> **EXERCISE OBJECTIVE**: Write out, please, each line from the one containing "Begonia boissieri image" to the final line of the data, both included, exactly and without pictures.

> **Scraped caption text data**:
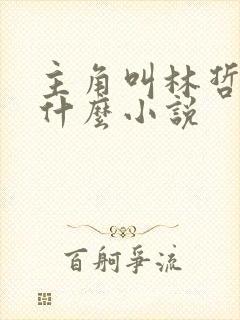 主角叫林哲的是什么小说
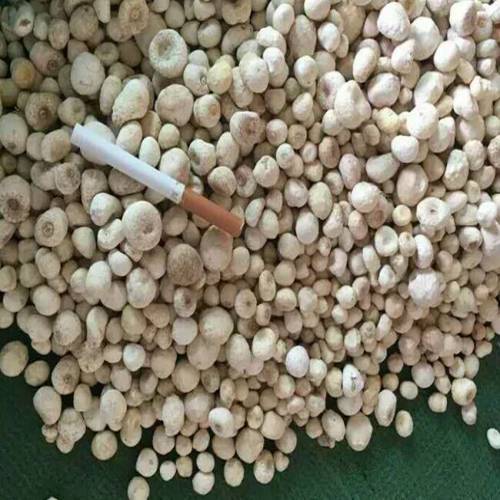 云南半夏电话/玉溪半夏大量供应 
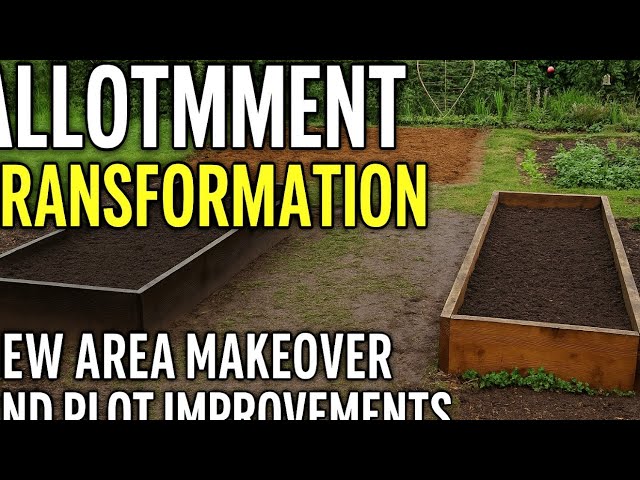 Video thumbnail for 🎥 ✅ Allotment Transformation 🌿 | New Area Makeover and Plot Improvements 🏡✨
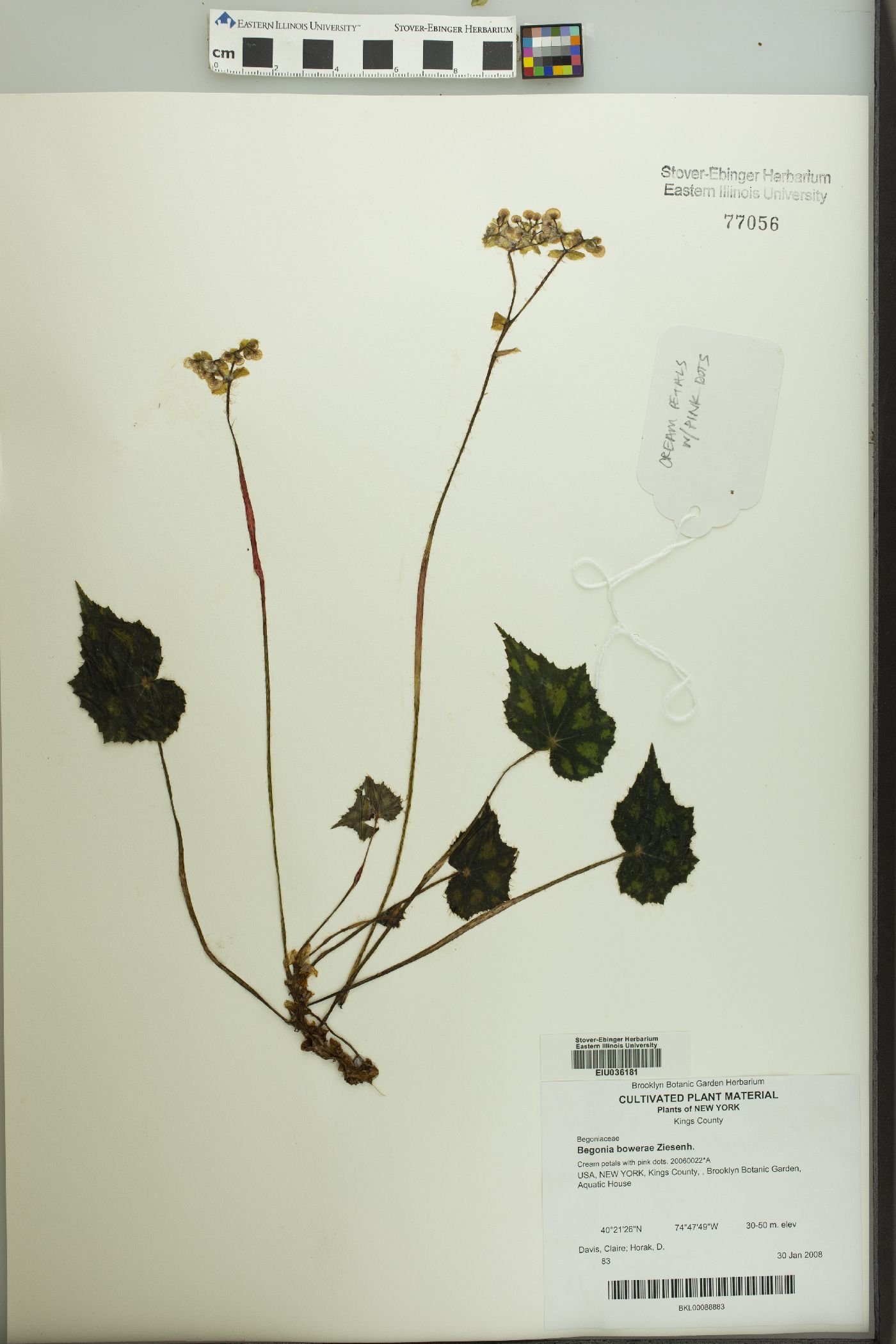 Begonia boissieri image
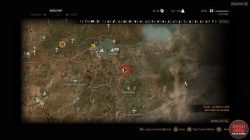 witcher 3 hearts of stone ofieri gear location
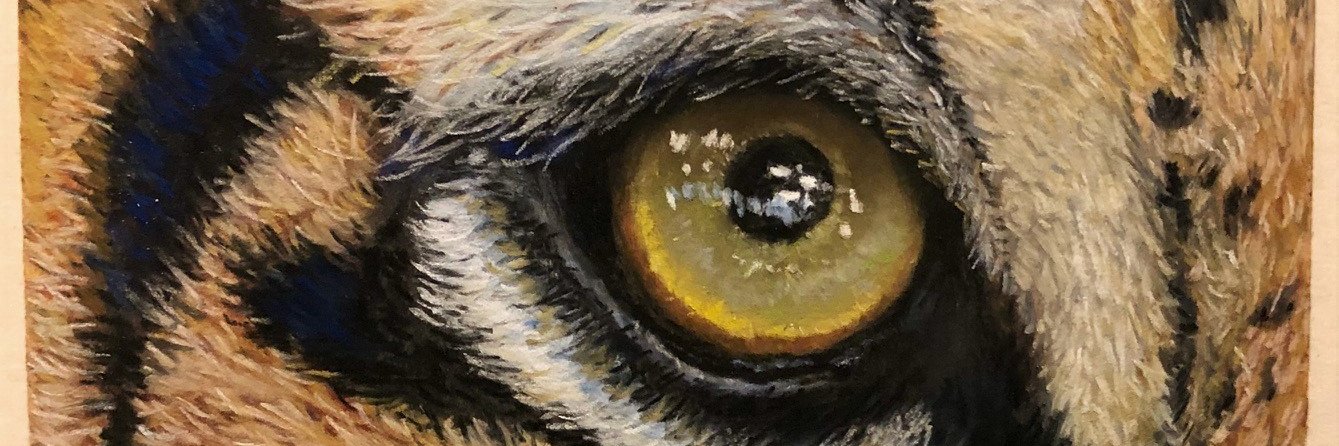 TreeT🇨🇦 banner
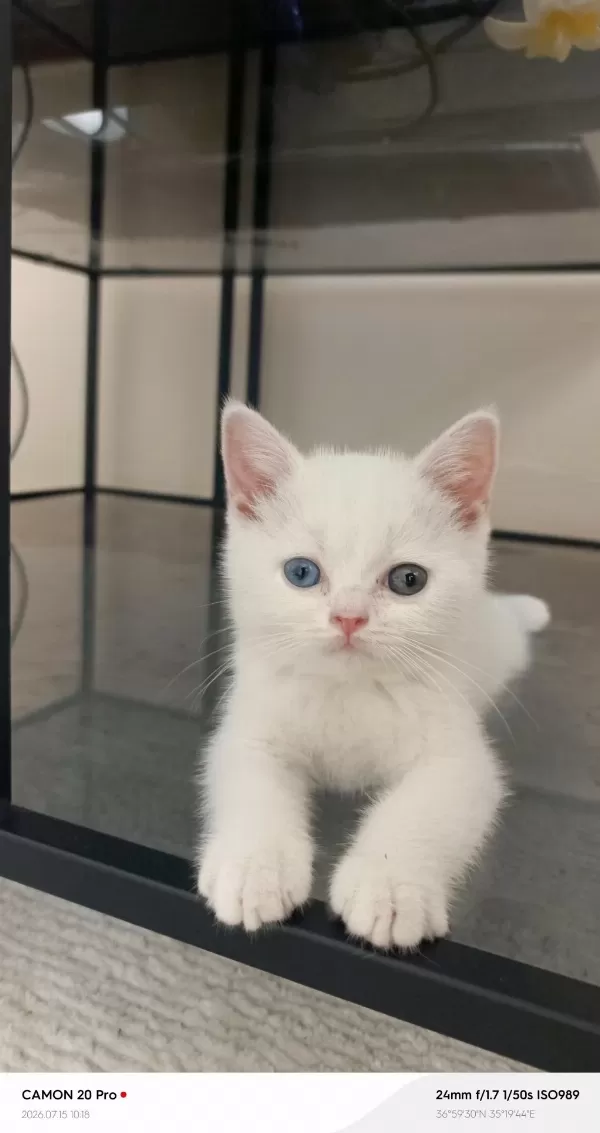 Dişi British Shorthair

> **EXERCISE OUTPUT**:
 Begonia boissieri image
 witcher 3 hearts of stone ofieri gear location
 TreeT🇨🇦 banner
 Dişi British Shorthair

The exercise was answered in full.